Every distribution in normix is an exponential family. This is not an
implementation detail — it is the organizing principle that gives the package
its three parametrizations, its uniform fitting interface, and its closed-form
divergences.

## The canonical form

A density in the family is

$$
p(x \mid \theta) = h(x)\, \exp\!\big(\langle \theta,\, t(x)\rangle - \psi(\theta)\big),
$$

with three ingredients each distribution must define:

- the **log base measure** $\log h(x)$ — `log_base_measure(x)`,
- the **sufficient statistics** $t(x)$ — `sufficient_statistics(x)`,
- the **log-partition** $\psi(\theta)$ — `_log_partition_from_theta(theta)`.

Everything else — moments, MLE, the EM M-step, divergences — is derived from
$\psi$.

## Three parametrizations

The same distribution can be described three equivalent ways, and normix
converts between them losslessly:

| Parametrization | Symbol | API |
|---|---|---|
| Classical | $(\alpha, \beta), \dots$ | constructor / `from_classical` |
| Natural | $\theta$ | `natural_params()` / `from_natural(theta)` |
| Expectation | $\eta = \nabla\psi(\theta) = \mathbb{E}[t(X)]$ | `expectation_params()` / `from_expectation(eta)` |

```python
theta = dist.natural_params()        # natural θ
eta = dist.expectation_params()      # expectation η = E[t(X)]
dist2 = type(dist).from_natural(theta)
dist3 = type(dist).from_expectation(eta)
```

`from_expectation` is the workhorse of the EM M-step: given any valid moment
vector $\eta$, it solves the strictly convex problem $\eta \mapsto \theta$ to
produce a distribution. The walkthrough in
{doc}`../tutorials/core/01_exponential_family` makes each of these concrete.

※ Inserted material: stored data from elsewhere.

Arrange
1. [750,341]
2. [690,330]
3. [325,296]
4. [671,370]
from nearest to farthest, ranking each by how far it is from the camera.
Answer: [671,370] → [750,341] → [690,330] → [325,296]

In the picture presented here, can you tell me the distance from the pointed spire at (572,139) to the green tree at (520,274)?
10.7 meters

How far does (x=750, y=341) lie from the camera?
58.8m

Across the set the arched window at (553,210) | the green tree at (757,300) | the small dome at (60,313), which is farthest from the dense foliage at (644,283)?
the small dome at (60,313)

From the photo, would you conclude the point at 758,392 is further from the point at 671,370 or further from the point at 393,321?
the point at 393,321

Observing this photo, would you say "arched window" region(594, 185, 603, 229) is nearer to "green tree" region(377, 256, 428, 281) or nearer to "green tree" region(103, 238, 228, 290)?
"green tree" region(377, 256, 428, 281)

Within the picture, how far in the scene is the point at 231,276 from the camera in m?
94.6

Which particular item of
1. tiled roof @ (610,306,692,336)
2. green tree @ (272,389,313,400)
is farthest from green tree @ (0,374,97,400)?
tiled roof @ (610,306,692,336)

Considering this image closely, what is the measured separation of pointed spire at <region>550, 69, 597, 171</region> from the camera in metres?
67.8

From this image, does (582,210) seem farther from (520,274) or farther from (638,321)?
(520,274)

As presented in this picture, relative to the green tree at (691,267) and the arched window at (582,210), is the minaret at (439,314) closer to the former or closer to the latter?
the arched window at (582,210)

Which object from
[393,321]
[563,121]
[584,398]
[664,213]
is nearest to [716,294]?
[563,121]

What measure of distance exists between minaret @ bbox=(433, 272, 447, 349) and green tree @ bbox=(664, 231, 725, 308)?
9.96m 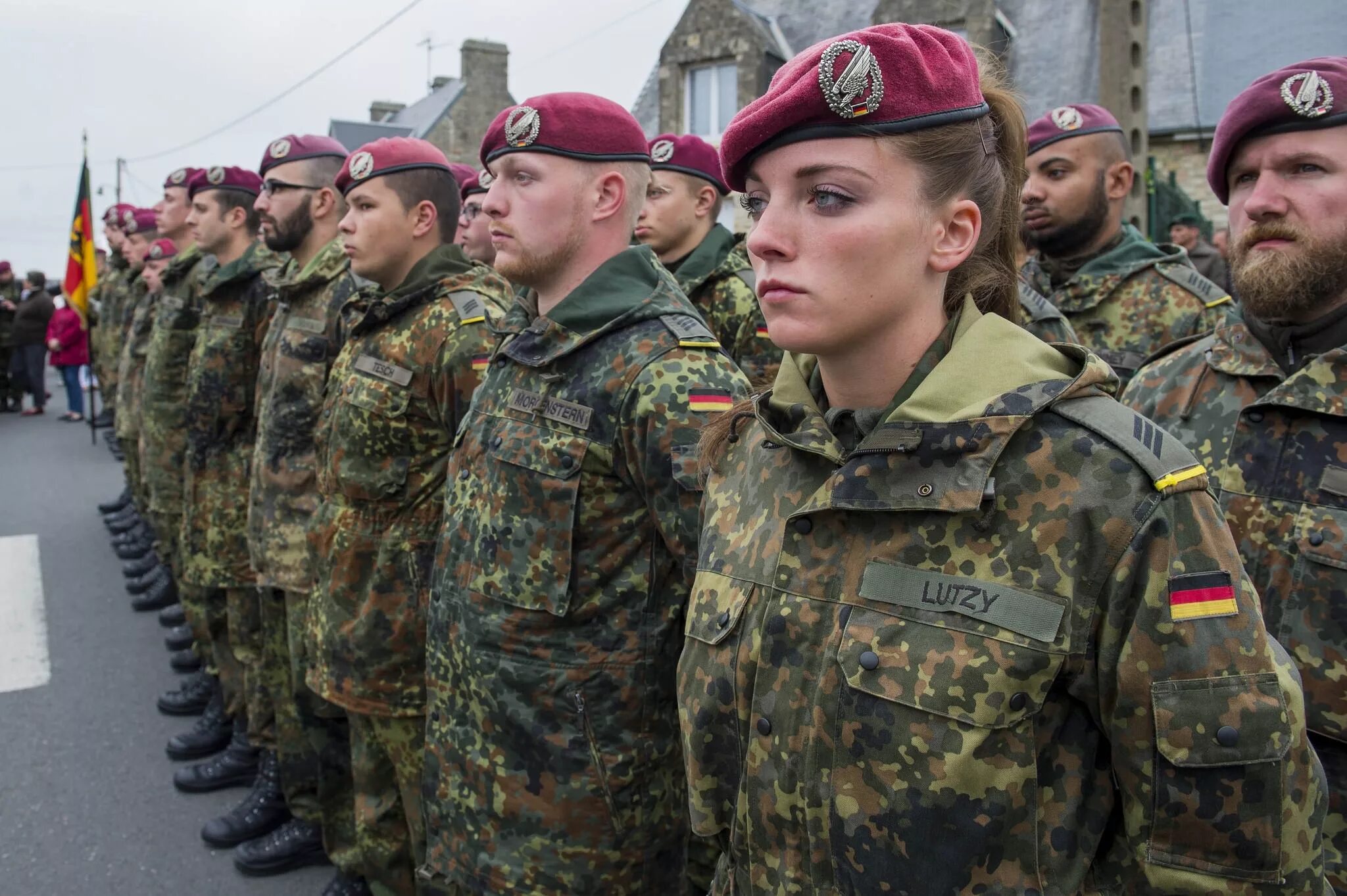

## The log-partition triad

Moments come from derivatives of $\psi$:

$$
\nabla\psi(\theta) = \mathbb{E}[t(X)] = \eta, \qquad
\nabla^2\psi(\theta) = \operatorname{Cov}[t(X)] = I(\theta),
$$

the second being the Fisher information. Each distribution therefore provides a
**triad** — log-partition, gradient, Hessian — in two backends:

- a **JAX** backend (`expectation_params()`, `fisher_information()`,
  default `backend="jax"`) that is JIT-able, differentiable, and `vmap`-friendly;
- a **CPU** backend (`backend="cpu"`) using numpy/scipy, used inside the EM hot
  loop where scipy's Bessel routines are fastest.

Defaults use `jax.grad` / `jax.hessian`; distributions with closed forms (e.g.
`Gamma` via `digamma`/`trigamma`) override them. The two backends are
numerically interchangeable — the choice is about performance and execution
context.

## Why it matters

- **One fitting interface.** Maximum likelihood is moment matching:
  $\hat\eta = \frac1n\sum_i t(x_i)$, then `from_expectation`. `fit_mle` is a
  one-liner that works for every family.
- **EM falls out naturally.** The E-step computes conditional moments
  $\mathbb{E}[t(Y)\mid X]$; the M-step is again `from_expectation`. See
  {doc}`em_fitting`.
- **Divergences are closed-form.** Hellinger and KL between two members reduce to
  evaluations of $\psi$ — no Monte Carlo. See {doc}`divergences`.

## Immutability

Distributions are `equinox.Module` pytrees: immutable, hashable, and traceable
by JAX. Parameter updates return a *new* instance rather than mutating in place,
which is what lets the EM loop, `jax.vmap`, and `jax.jit` treat models as plain
data.

For the full mathematical development, see the {doc}`design rationale
<../design/exponential_family>` and the {doc}`theory notes <../theory/index>`.